To access a specific version of the file identified by the http://host.com/myRepository/dir/config URL, you need to use a corresponding revision (the operative revision):
  • If a revision number is used that is lower than 10, an error is triggered, because the file has not been created yet.
  • If a revision number is used that is between 10 and 19, the specific version you are interested in would be obtained.
    Note: Although the file was modified in revisions 12, 15, 17, it existed in all revisions between 10 and 19. Starting with a revision where the file is modified, it has the same content across all revisions generated in the repository until another revision where it is modified again.

At this point, the file is deleted, creating revision 20. Now, no version of the file can be accessed because it no longer exists in the latest repository revision. This is due to the fact that Subversion automatically uses the HEAD revision as a peg revision (it assumes any item currently exists in the repository if not instructed otherwise). However, using any of the revision numbers from the 10-19 interval (when the file existed) as a peg revision (beside the operative revision), will help Subversion to properly identify the time frame when the file existed, and access the file version corresponding to the operative revision. If you use a revision number greater than 19, this will also trigger an error.

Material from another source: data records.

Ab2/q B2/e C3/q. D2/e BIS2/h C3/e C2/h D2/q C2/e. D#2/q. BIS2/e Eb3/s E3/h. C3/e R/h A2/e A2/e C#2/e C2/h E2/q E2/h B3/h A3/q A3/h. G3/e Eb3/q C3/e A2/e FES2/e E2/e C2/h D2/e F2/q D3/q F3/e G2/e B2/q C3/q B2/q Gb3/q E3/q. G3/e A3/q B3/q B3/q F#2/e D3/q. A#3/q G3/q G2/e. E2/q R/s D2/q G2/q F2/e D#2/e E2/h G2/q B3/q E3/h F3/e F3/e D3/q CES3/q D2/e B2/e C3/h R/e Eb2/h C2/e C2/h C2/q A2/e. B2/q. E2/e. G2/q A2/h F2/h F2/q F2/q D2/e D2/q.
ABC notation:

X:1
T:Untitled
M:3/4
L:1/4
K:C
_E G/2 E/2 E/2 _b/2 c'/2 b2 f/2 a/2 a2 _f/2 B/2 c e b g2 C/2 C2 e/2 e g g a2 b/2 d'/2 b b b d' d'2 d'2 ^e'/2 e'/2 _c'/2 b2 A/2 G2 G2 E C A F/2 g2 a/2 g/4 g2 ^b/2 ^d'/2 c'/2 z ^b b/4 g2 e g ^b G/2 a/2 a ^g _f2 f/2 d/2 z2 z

Continuing the example, suppose that at revision 30, a directory called config is created in the same repository location as the deleted file. This means that the new directory will be identified by the same repository address: http://host.com/myRepository/dir/config. If you only use this URL in any Subversion command, you will access the new directory. You will also access the same directory if you use any revision number equal to or greater than 30 as peg revision. However, if you are interested in accessing an old version of the previously existing file, then you must use one of the revisions that existed (10-19), as a peg revision, similar to the previous case.